A cohesive marketing strategy that uses several marketing channels will always be the best way to grow your new patient list and retain your existing ones. Your audience is scattered across the online world; new patients are not just going to your website or finding you via a review site. You have to meet them on all the various online platforms where you can share information about your practice, such as your website, Facebook page, Google My Business listing, website landing pages and email marketing. Marketing to these new patients doesn’t stop as soon as they book their first appointment, though. You’ll need consistent communication with your patients outside of your practice to keep them engaged. Using Facebook and email marketing are great ways to help you stay top of mind with them as well as market new services or promotions.
What has changed, however, is that your patients may need even more information about your practice to feel safe again. Educating your community will be an ongoing process, but it’s an opportunity to share your expertise, position yourself as a trusted authority and set yourself apart from competitors.
Include content about the safety precautions your practice is now taking and how your team is keeping up to date on new safety training. Your overall goal should be to set a confident tone that will put patients at ease. It might not be clear to them what is safe and what is not, and providing them with this information will not only have them setting new appointments — it will also give them a reason to share your knowledge with friends and family.

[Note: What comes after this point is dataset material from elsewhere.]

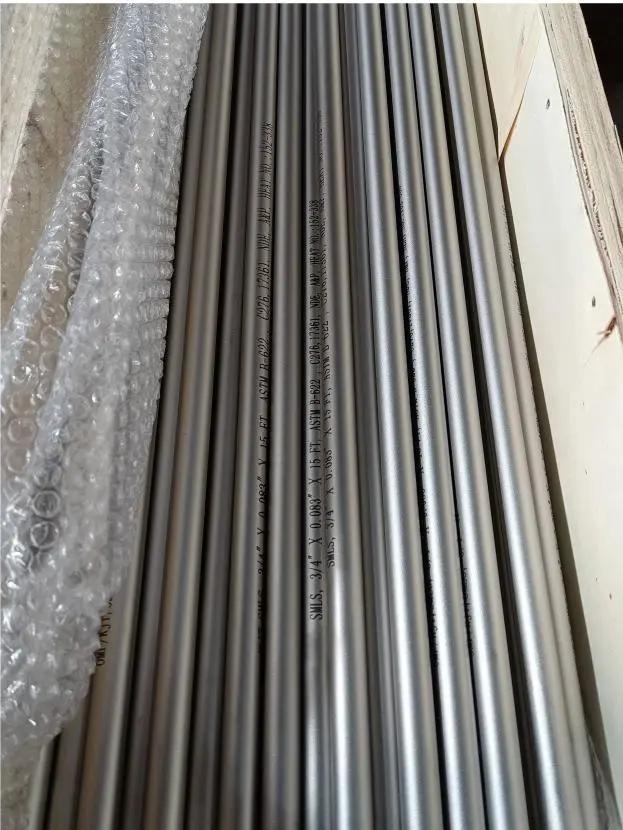 Comparación de Monel Alloy 400 y Hastelloy C276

Equally important is listening to your community and patients to understand questions or issues that they are having. Whether it’s answering a question that keeps getting mentioned in your practice or providing content to help people feel uplifted, share that in your marketing.
It might not be about your practice specifically, but hearing a hopeful message from you makes you stand out in the crowd. Again, use all your online platforms to spread this content. A blog on
your website about your new safety measures can be turned into a video that is shared on Facebook, sent out as an email, added to a new landing page and more.
This is new territory for all of us, and that means there will be some trial and error when marketing and running your practice. If something doesn’t work with your marketing, instead of abandoning it, adjust. For example, if your Google Ads are not getting the response you expected, you may just need to change the copy on the landing page or the message in the ad. What worked in the past may be different now, but that doesn’t mean Facebook or email marketing is broken. Keep testing and adjusting.
While uncertainty about the future remains, one thing that is certain is that we need to adapt to changing times. While you may not have performed virtual consultations in the past, you might need to include them now. Your audience might be consuming information differently, and you’ll have to meet them where they are. Where a meet-and-greet in person was the norm before, a Zoom meeting might be just as acceptable. It may be uncomfortable at first, but adopting these new ways of communicating and interacting with your patients will help them stay connected with you in the face of inevitable change.